Well, what a surprise! We, and most investment managers and economists that we had consulted with were expecting increased top rate taxes, increased CGT and perhaps even an increase in VAT.
The Minister instead held the level of income tax by increasing the tax bracket thresholds by about 5% to compensate for inflation. The increases in sin taxes, the fuel levy and carbon taxes were all modest in the circumstances.
So how will he balance the books this year? He won’t be able to balance the books, and the deficit is expected to increase from a planned 6.3% to 6.8%.
He has taken the politically challenging step of undertaking to reduce the public sector wage bill by R160 billion over a period of 3 years. This is significant, as the tax collection shortfall this past year was R63 billion, 40% of which was individual tax, and the balance, company tax and VAT.

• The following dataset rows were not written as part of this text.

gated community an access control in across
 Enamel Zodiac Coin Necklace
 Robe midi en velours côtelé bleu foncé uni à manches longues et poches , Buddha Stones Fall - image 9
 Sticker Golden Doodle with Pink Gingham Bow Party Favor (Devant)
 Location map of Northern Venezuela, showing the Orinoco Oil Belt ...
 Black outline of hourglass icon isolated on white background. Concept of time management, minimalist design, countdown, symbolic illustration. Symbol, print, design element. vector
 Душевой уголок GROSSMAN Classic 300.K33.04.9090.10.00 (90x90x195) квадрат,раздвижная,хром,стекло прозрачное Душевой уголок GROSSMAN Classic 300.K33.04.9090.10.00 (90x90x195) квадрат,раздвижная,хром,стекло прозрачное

How will this be done? Will government cut numbers, limit salary increases, or both. He provided no detail, so it looks like this is an intent, rather than a plan of action. He did talk about adjustments to pay progression and reduced staff benefits such as subsistence allowances and using economy class air travel, but stronger measures will be needed. At least he has recognised and acknowledged that government is stuck between a rock and a hard place.
There are 10 million people unemployed, and little optimism, which is necessary for further investment. An increase in confidence will encourage businesses to invest and consumers to spend. This should result in employment growth, which has the potential of breathing life into the economy and starting us on a virtual circle of improvement.
They are also looking at ways of reducing company tax from the current 28%.
The latest opinions are that Moody’s may postpone their decision on whether to downgrade or not, from end March, to November.
We wish Tito and his cabinet colleagues great success!